The ebook, The Greatest Marketing Secrets of the Ages, is by the legendary online marketing guru Yanik Silver.

It is basically a history of direct marketing and advertising writing by some of the historic copywriters in the past. What really jumped out at me was how many of these classic ads were presented in the form of stories. And even those that didn't had a "backstory" that seemed to exist behind the actual copy.

For example, he talks about Max Sackheim, who wrote the classic ad "Do You Make These Mistakes In English?" This ad selling a mail order English grammer course, was so successful that it ran for 40 straight years.

It was basically a story about a man who was embarassed by his poor grammer and this course helped him comport himself with greater dignity and earned him a promotion.
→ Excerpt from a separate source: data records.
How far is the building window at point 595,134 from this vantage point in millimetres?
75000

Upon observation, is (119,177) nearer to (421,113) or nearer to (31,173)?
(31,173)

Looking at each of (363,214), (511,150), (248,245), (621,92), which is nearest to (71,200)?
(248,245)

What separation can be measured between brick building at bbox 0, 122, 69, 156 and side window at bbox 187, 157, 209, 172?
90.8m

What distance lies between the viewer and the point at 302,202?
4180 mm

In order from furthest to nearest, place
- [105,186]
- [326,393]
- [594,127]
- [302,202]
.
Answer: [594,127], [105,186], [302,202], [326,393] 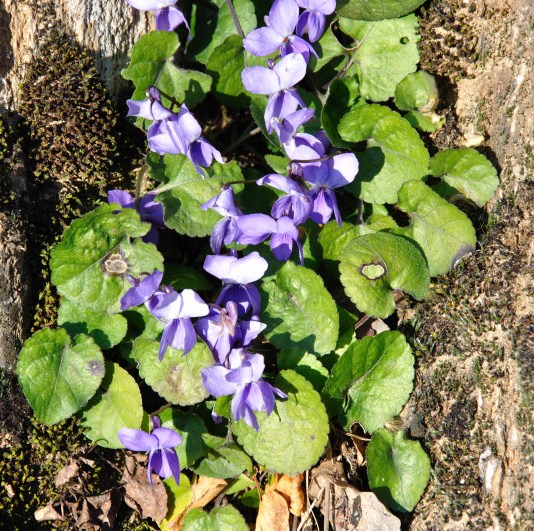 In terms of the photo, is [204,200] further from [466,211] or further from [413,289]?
[466,211]

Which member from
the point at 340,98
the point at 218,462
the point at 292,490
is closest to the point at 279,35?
the point at 340,98

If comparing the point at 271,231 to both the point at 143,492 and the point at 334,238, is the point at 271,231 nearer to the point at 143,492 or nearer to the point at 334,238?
the point at 334,238

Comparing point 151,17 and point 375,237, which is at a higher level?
point 151,17

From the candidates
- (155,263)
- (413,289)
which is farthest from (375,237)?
(155,263)

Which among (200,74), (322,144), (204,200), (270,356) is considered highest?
(200,74)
The book also mentions two ads which sold mail order food that were supposedly written in the words of the fisherman and grapefruit grower whose meticulous standards provided their customers with outstanding product.
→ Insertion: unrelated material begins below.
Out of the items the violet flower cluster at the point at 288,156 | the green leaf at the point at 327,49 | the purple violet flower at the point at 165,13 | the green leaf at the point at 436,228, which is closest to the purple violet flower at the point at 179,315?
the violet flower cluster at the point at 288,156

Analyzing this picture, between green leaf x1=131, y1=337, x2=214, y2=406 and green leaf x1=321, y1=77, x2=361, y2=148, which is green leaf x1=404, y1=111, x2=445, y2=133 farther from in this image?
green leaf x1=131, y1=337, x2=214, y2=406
Then there is the story of Claude Hopkins who turned Van Camp's pork and beans into a money machine. At the time, only 6% of housewives cooked store-bought canned beans. The other 94% cooked their beans at home (it takes about 16 hours to prepare beans, and even then the result is usually crispy beans on top and mushy beans below).
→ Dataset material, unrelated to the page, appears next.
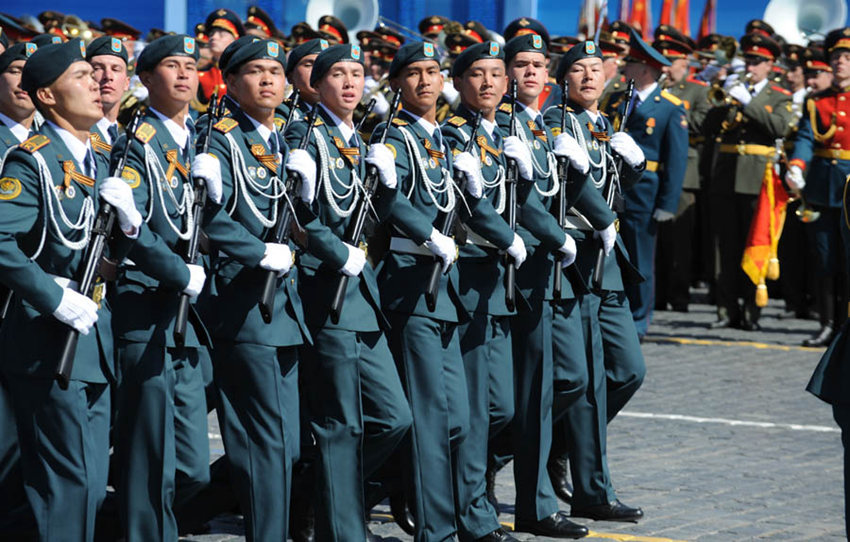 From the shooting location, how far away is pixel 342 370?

What Hopkins did was to tell the story of the process Van Camp's used to select their beans, how they used soft water in the cooking process, how the skins were made less tough by using lime, and how the steam ovens they used were sealed to keep the flavor in.

This was a story, and it was hugely successful in getting housewives to buy Van Camp's pork and beans.

There are also examples of how storytelling has been used to sell Ethan Allen furniture, overcoats, magazine subscriptions and books.

I should point out that Yanik does use this free ebook as a platform to sell his own products, but that doesn't get in the way of conveying some very useful information.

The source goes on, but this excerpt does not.